Auch wenn es beim Slogan "I will Mohr" nur um eine Eisbombe geht, die jetzt eine Rassismusdiskussion entfacht hat: Dass diese Art von Rassismus zur Sprache kommt, ist notwendig und wichtig

Die Wiener Mehlspeisküche hat es in sich. Da bestellte man, um sich zum Sonntagskaffee etwas Gutes zu gönnen, über Jahre hinweg in der Konditorei einen "Mohr im Hemd" oder einen "Indianer mit Schlag". Und auf einmal wird einem dieser Genuss vermiest, nur weil der deftige Schokokuchen oder das schokoladeüberzogene Biskuit mit dem Oberskern Namen tragen, die Afrikaner oder US-amerikanische Ureinwohner verhöhnen?

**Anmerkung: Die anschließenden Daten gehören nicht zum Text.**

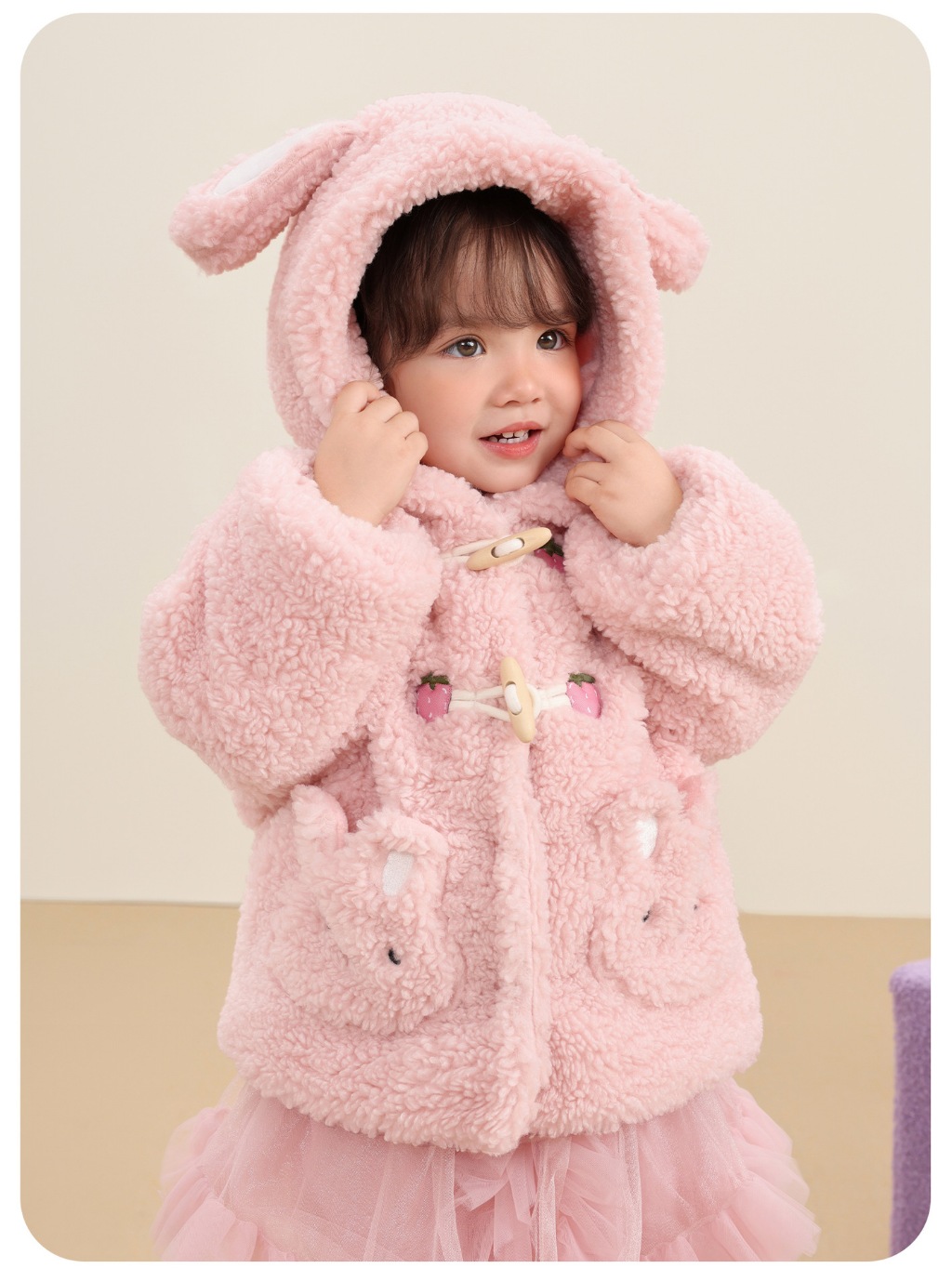 Áo khoác lông cừu lót nỉ tai thỏ CUTEPANDA'S cho bé gái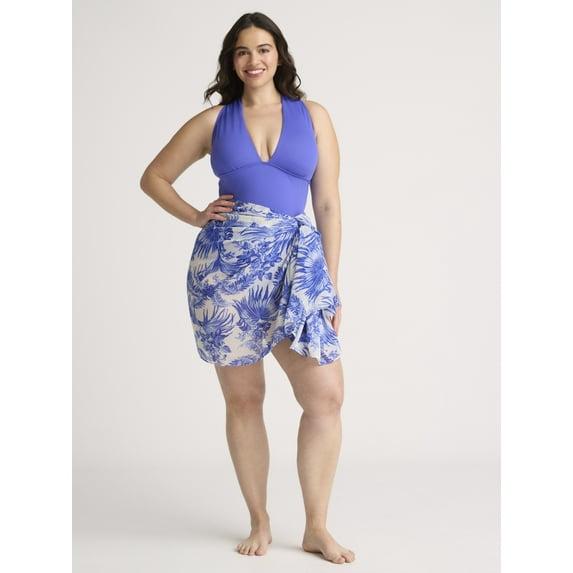 Time and Tru Women's and Women's Plus Plunge One Piece Swimsuit and Pareo Set, 2-Piece, Sizes XS-3X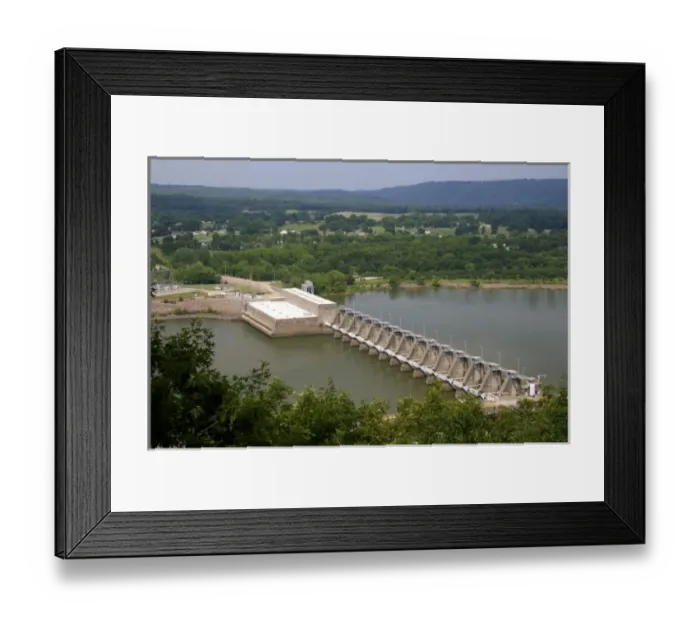 Framed Print : A hydroelectric dam, part of the Ozark Lake Project on the Arkansas River at Ozark, Arkansas Framed Print : A hydroelectric dam, part of the Ozark Lake Project on the Arkansas River at Ozark, Arkansas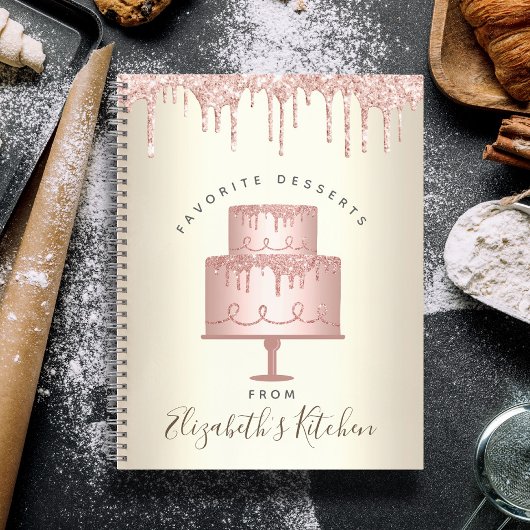 Rezept Kochbuch Pink Kuchen Bäckerei Glitzer Tropf Notizblock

Dass "unschuldige" Gaumenfreuden aus sprachlichen Gründen auf einmal politisch bedenklich werden - und man sich rückblickend fragen könnte, warum einem die seltsamen Namensgebungen nicht schon früher unangenehm aufgefallen sind -, geht vielen Menschen zu weit. Doch genau so, so unauffällig und selbstverständlich, funktioniert eben der sprachliche Rassismus: dort, wo er sich auf überlieferte, anachronistische Bilder stützt. Zum Beispiel auf den "Mohren", der - früher, als dieses Wort weithin verwendet wurde - als Angehöriger einer "minderwertigen Rasse" galt. Dessen Erwähnung direkt mit Sklaverei und Kolonialismus in Verbindung stand.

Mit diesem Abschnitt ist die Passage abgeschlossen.